The global financial crisis has finally made its way to this small Swiss valley. When Hans Stadelmann talks about currency speculators, it seems like two worlds are colliding.
There is Stradelmann, the 44-year-old cheese maker standing in his small factory, which smells of freshly cut Appenzeller cheese. Five men are working at the boilers, making the most popular Swiss cheese in Germany according to a traditional recipe handed down through the centuries.
And then there are the international financial markets, that abstract global entity whose actors have decided that the Swiss franc is a safe investment and, in doing so, have pushed the currency's value to record levels against the dollar and the euro. A year back, one euro was worth 1.35 francs. Two weeks ago, the value was 1-to-1.
This presents a problem for Stadelmann. About 40 percent of his products are exported, most of them to EU countries. In order to keep his earnings level in francs, he's being forced to charge higher prices in euros -- and not all of his customers are willing to pay them.
"I'm already selling less, and I'm afraid it's going to get much worse," Stadelmann says.
And it's not just his company he's worried about. "I get my milk from 50 small family farmers," he says. "If I close up shop, I'd be destroying the livelihoods of 50 families."
Swiss Buying Imported Cheese
Stadelmann is powerless against the financial markets. He knows it, and it only makes him worry more. Investors across the world are finding safe haven in the Swiss franc, and the country's export industry is paying the price.

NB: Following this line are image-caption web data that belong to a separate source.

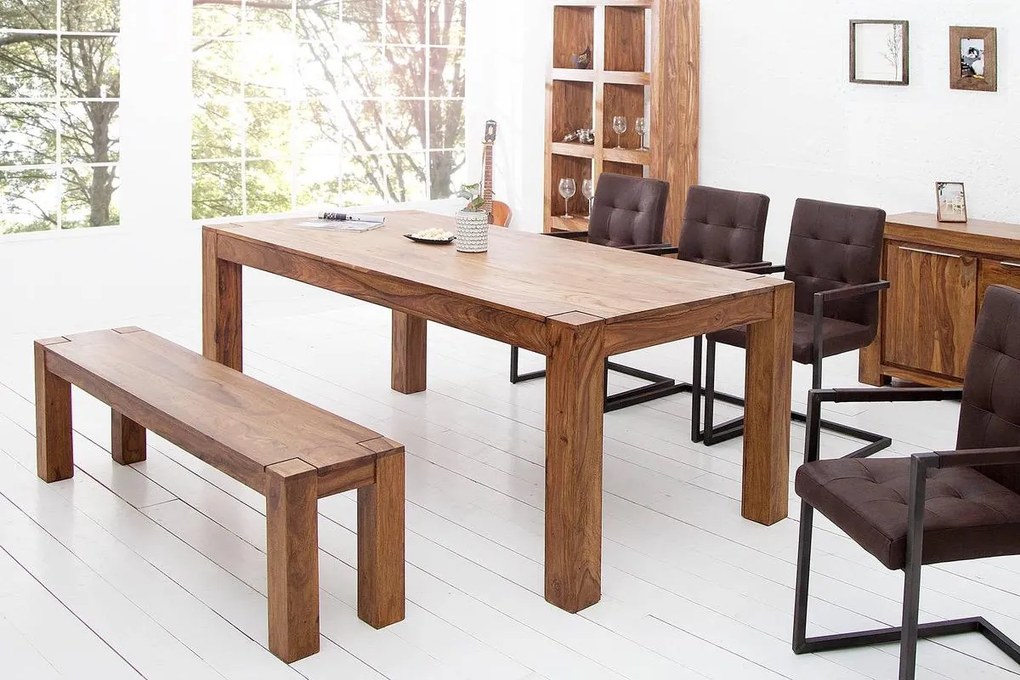 Lavica Timber 140cm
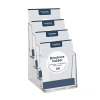 Brochure holder (A4) | 4 compartments | Europel 226982 - 1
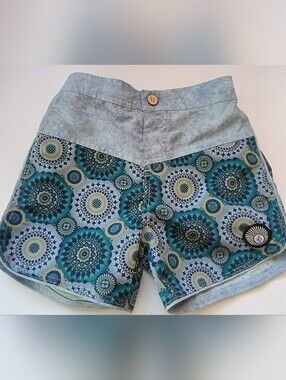 Volcom Light Blue Girl's Board Shorts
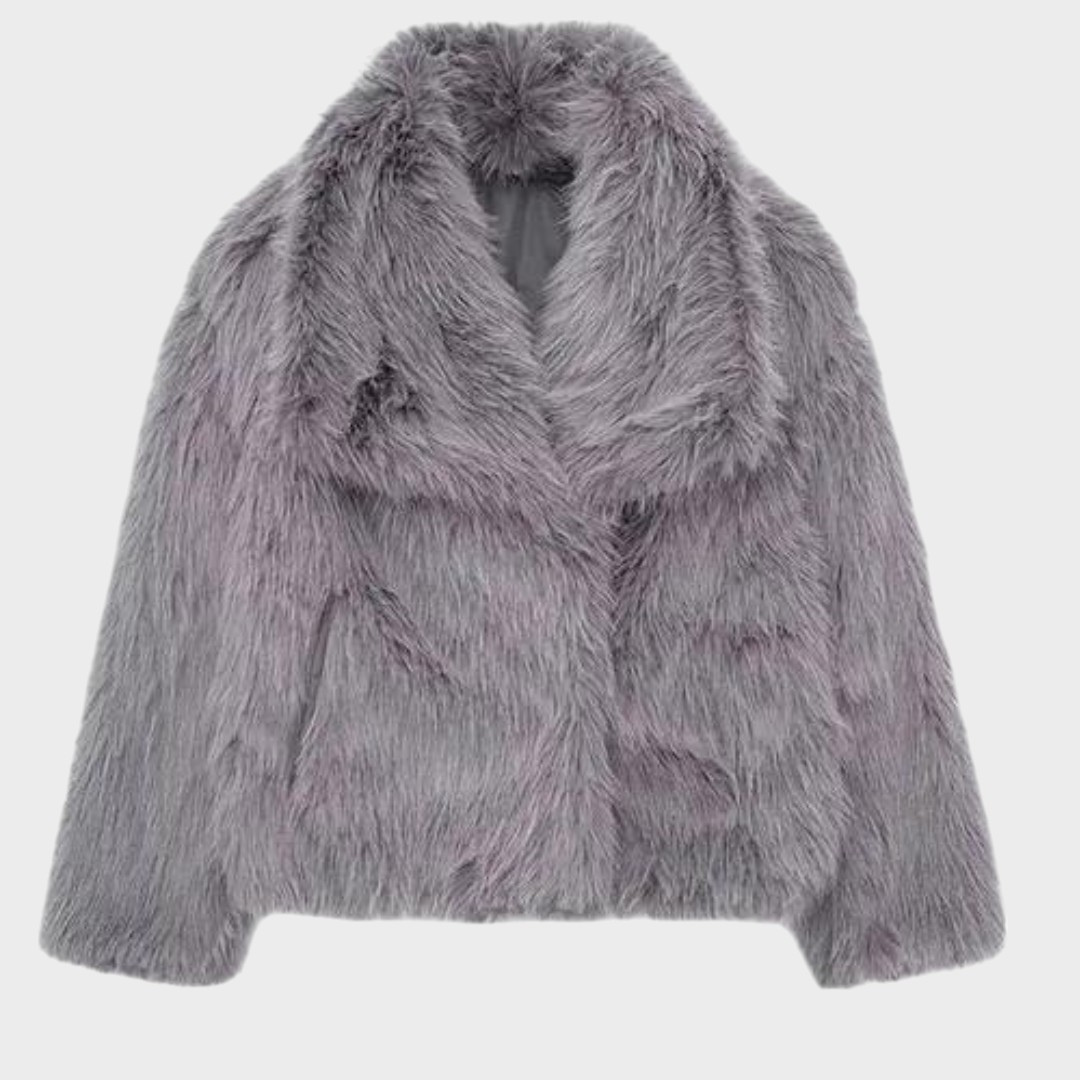 Ilse | Premium Faux Fur Jacket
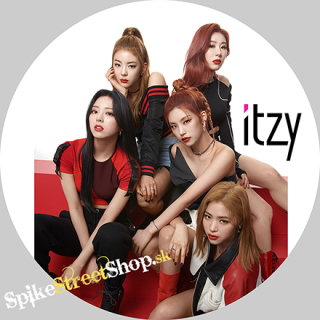 ITZY - Red Poster - odznak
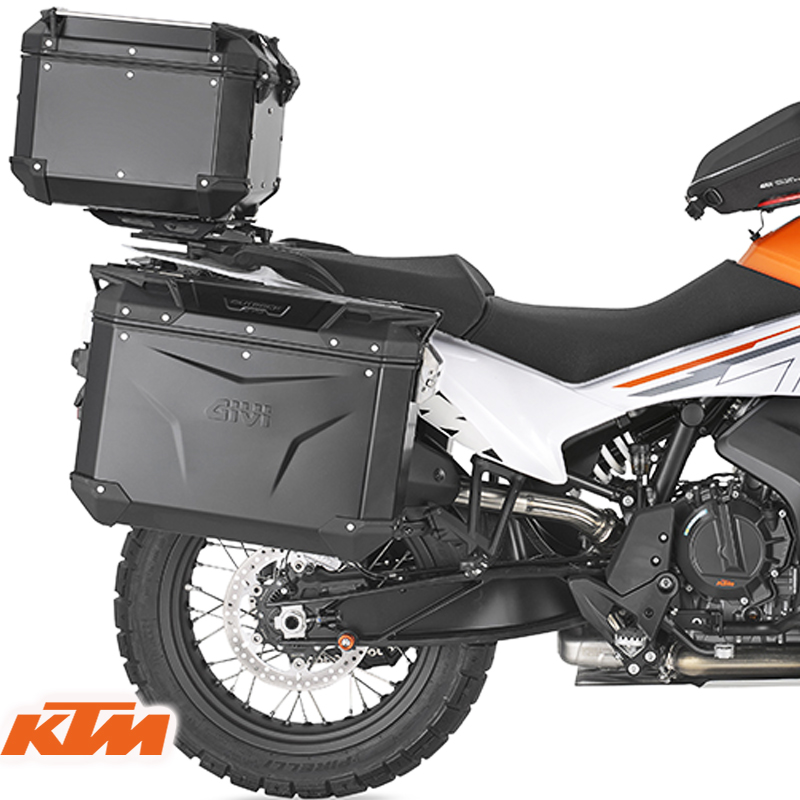 KIT DE FIJACION MALETAS LATERALES GIVI PLO7717MK KTM ADVENTURE 890/790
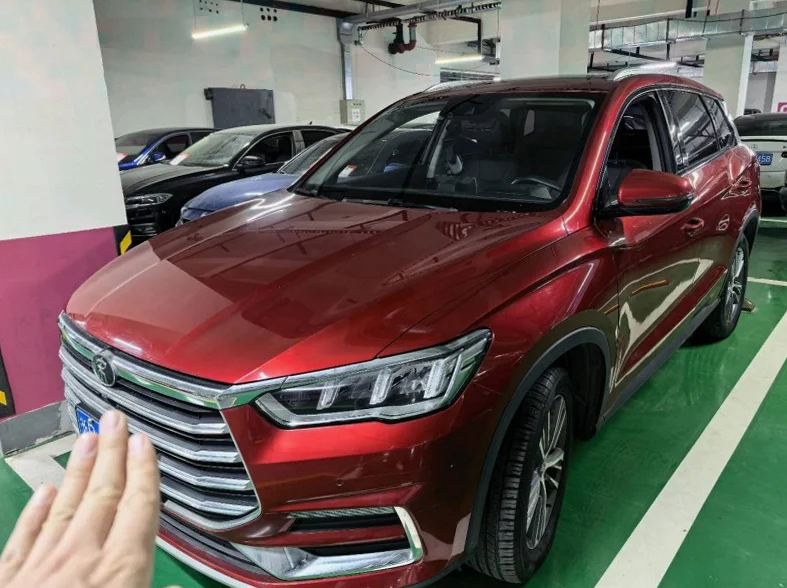 19年比亚迪宋Pro 1.5T自动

Exports from the Alpine nation tumbled by about four billion francs (€3.5 billion or $5 billion) in June, and exports to the EU, the country's most important trading partner, were down almost 15 percent.
Even Swiss consumers have been merciless. Since imported products have gotten cheaper, they have even been buying foreign cheese. Though Stadelmann belittles cheeses imported from Holland and Germany as "chewy globs," he still can't hide how much he's worried about his industry.
Of course, it might be hard to take the complaints of the Swiss seriously, especially since they come from one of the most prosperous countries in the world. Per capita economic output is roughly 73,000 francs, the national debt is only 38.3 percent of GDP, and the unemployment rate is only 3 percent.
But the Swiss fear the end of their success story. Over the course of the past year, the value of the franc has risen 20 percent against the euro. "With an appreciation of 2 to 5 percent, export-dependant companies can go under -- and they know it," says Jan-Egbert Sturm, a researcher at the Swiss Federal Institute of Technology Zurich. "But what's happening now is really bad."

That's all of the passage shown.